Another D Word - Discouraged

 I overslept by an hour which is ok.  Not ok for Precious but she got me up at 3:00 and had some food so she'll survive. I fed her again, little skinny tiger.

It was a discouraging day yesterday. The previous night I had gotten an alert that I had a new bill with Ascension.  I thought for what?  Anything I went for was covered by insurance so far.  I thought.  Then I remembered the sinus infection visit.  It wasn't a horrible bill.

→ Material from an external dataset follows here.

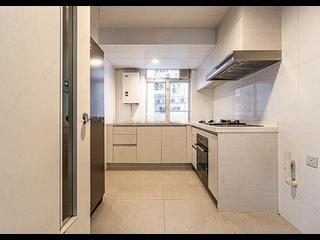 Mid Levels West - Realty Gardens 07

It was like $58.  I can handle that.  My mom asked if I had my deductible in and I said that's $1200.  I would cry if the bill was that much.  This is eh, kind of sucks, but we'll deal.

Yesterday, I got the notification in the mail from my insurance company that my premium will go up 25% in October.  Oh, is this an early holiday gift?  I didn't get them anything, geez.  Where's my middle finger.  I'll wrap it in a bow.  I expected it.  I don't like it and the timing of it just sucks.  I still have to pay for my license plate registration.  $123 for a sticker.  Where's my other middle finger?  Sigh.  

I did call Aurora and asked them where the refund check is that I requested earlier in the month.  That is actually on its way so that was one bright spot.  That's $125.  I can get a sticker with that!  Ugh.  Sigh again.

The thing that did it for me was that I did have the news on last night and Joy Reid was talking about AOC and her Instagram reel.  The Democratic donors do not want Kamala Harris if Joe steps down.  

That did it for me.  I stopped writing the postcards and put them away.  Back stabbers is the word that comes into my head.  Thanks for handing the election over to Grampa Crazy and his son, Satan Jr.  I couldn't believe it.  I was sad that Joe may not be so healthy but I thought Kamala is more than qualified.  I was reading that Senator Mark Kelly was a possible vice presidential pick and I thought well that would work.  This?  This is disgusting.  I will vote.  I am disgusted by this process.  Discouraged.  Something needs to happen.

My mom was upset that she's running a little short with her bills for this month, only by a few dollars and was upset about our landlord.  He's out selling fitness apparel and we got to cut corners. 

I'll go for a walk here this morning and maybe take my tank of a car out to the stores for shop kicking.  I'll drive down Lois property values tomorrow when I shop kick at her local metro mart.  I'm still a little apprehensive about driving on the freeway with this car but I better get over it because I have an appointment on Thursday at the cancer center.

I'm just so discouraged today.  If I get that check from Aurora in today's mail, I might feel a little less discouraged, but yeah, discouraged is today's word of the day!